» THE TASK
Given the entries that follow, write out exactly the lines starting at the one containing "Ceramic cartridge ensures" and ending at the one containing "Adjustable max temperature", both ends included, and only those.

» MATERIALS PROVIDED
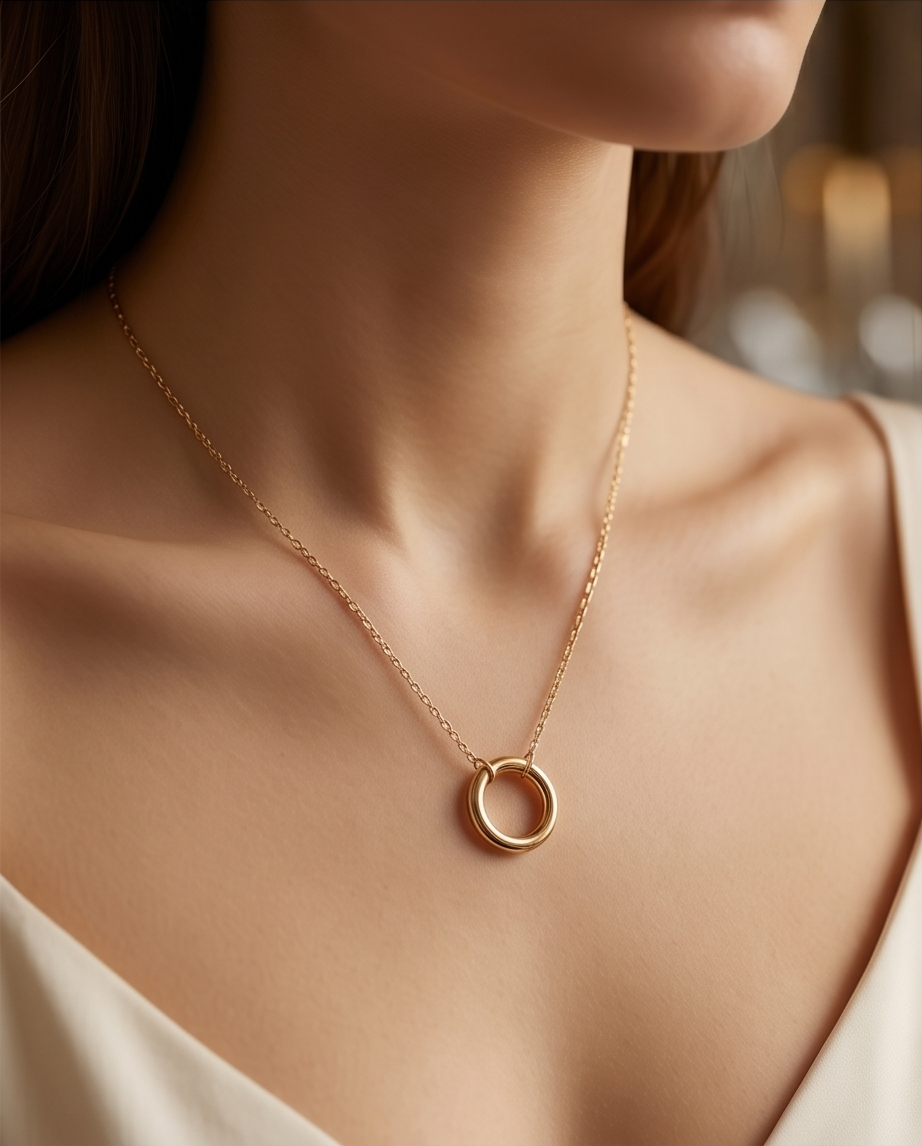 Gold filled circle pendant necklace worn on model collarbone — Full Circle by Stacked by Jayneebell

* * *

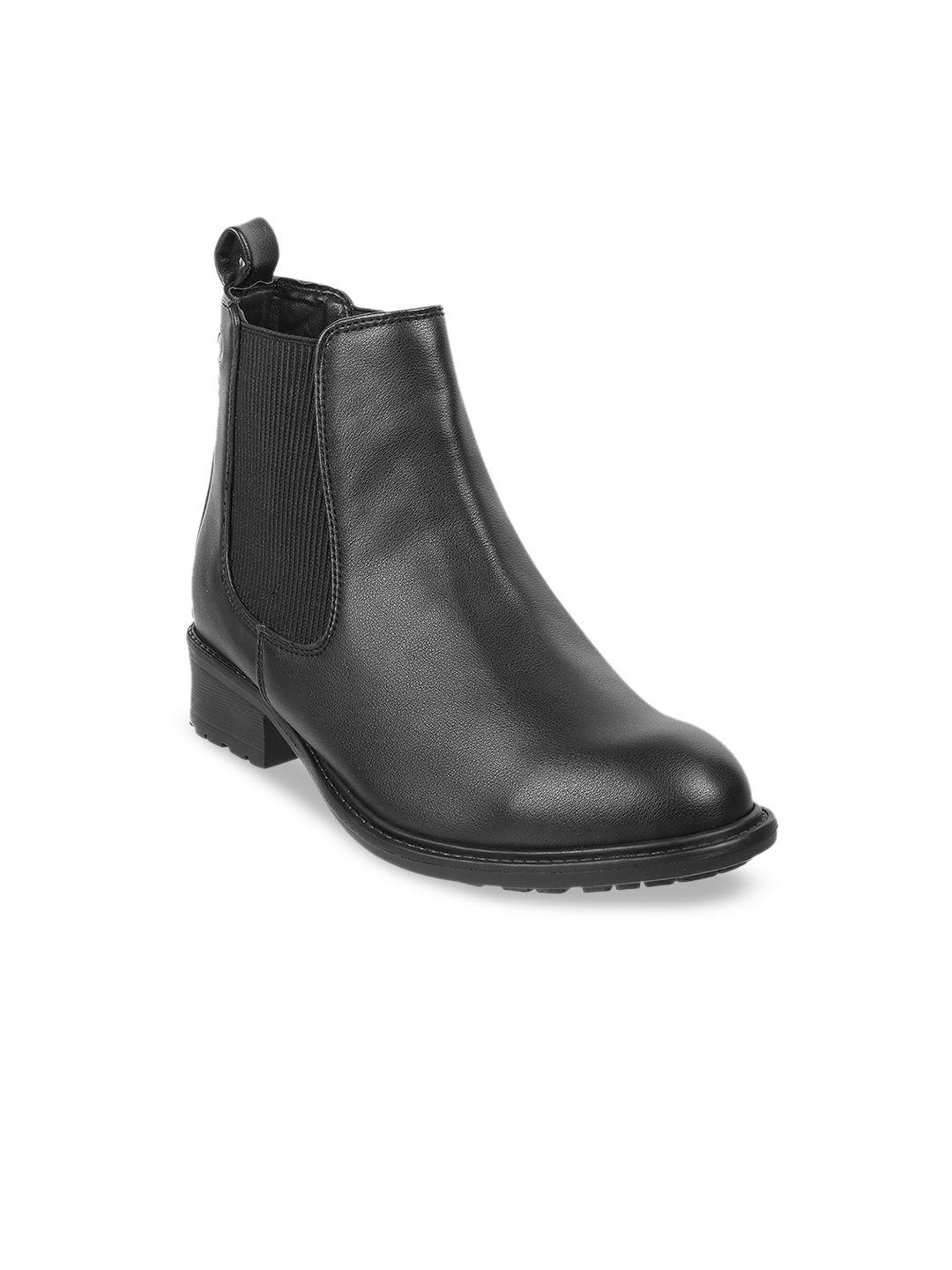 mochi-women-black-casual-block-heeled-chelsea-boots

---

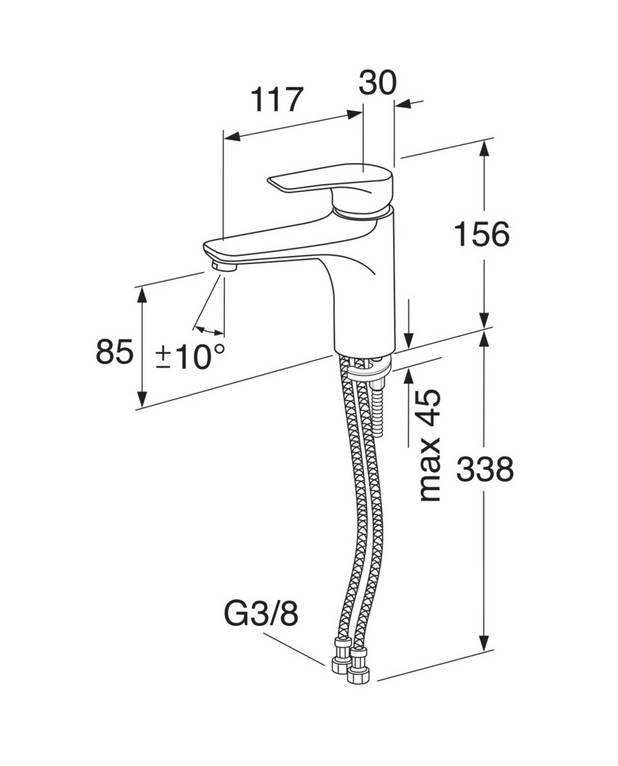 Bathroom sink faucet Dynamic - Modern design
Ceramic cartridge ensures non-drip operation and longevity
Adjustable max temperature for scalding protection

» TASK RESULT
Ceramic cartridge ensures non-drip operation and longevity
Adjustable max temperature for scalding protection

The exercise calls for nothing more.